SUPPLIED DATA:
***
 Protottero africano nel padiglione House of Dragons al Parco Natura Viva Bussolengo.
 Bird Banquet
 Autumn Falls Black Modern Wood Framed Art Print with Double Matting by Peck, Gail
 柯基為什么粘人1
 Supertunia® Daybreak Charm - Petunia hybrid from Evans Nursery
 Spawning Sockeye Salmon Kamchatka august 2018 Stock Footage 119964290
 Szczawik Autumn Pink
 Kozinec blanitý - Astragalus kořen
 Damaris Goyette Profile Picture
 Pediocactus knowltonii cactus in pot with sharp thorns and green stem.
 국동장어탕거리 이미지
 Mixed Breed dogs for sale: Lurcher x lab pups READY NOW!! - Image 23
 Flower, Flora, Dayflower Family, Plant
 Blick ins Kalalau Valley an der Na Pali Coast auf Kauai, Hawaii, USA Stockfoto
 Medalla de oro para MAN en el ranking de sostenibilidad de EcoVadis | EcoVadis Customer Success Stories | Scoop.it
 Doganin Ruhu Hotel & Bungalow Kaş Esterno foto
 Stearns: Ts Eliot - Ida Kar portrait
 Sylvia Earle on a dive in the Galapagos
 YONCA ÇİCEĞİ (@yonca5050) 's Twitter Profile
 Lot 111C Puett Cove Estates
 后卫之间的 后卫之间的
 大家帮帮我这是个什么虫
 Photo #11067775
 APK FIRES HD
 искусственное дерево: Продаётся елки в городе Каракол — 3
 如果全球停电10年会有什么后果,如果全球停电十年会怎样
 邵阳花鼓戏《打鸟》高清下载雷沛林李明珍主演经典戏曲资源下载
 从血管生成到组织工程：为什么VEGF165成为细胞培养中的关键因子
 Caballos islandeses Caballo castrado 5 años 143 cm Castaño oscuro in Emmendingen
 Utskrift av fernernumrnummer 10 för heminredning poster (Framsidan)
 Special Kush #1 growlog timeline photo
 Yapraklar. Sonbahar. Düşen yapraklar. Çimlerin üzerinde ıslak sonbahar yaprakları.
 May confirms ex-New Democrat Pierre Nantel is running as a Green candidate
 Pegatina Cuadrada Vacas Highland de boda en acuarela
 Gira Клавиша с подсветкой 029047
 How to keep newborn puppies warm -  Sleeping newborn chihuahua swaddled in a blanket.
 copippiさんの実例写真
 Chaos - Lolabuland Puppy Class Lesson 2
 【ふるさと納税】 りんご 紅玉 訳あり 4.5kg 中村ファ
***
PROBLEM DESCRIPTION: Among the records above, extract exactly the lines from the line with "邵阳花鼓戏《打鸟》高清下载雷沛林李明珍主演经典戏曲资源下载" to the line with "May confirms ex-New", both lines included, and leave out the rest.

ANSWER SECTION:
 邵阳花鼓戏《打鸟》高清下载雷沛林李明珍主演经典戏曲资源下载
 从血管生成到组织工程：为什么VEGF165成为细胞培养中的关键因子
 Caballos islandeses Caballo castrado 5 años 143 cm Castaño oscuro in Emmendingen
 Utskrift av fernernumrnummer 10 för heminredning poster (Framsidan)
 Special Kush #1 growlog timeline photo
 Yapraklar. Sonbahar. Düşen yapraklar. Çimlerin üzerinde ıslak sonbahar yaprakları.
 May confirms ex-New Democrat Pierre Nantel is running as a Green candidate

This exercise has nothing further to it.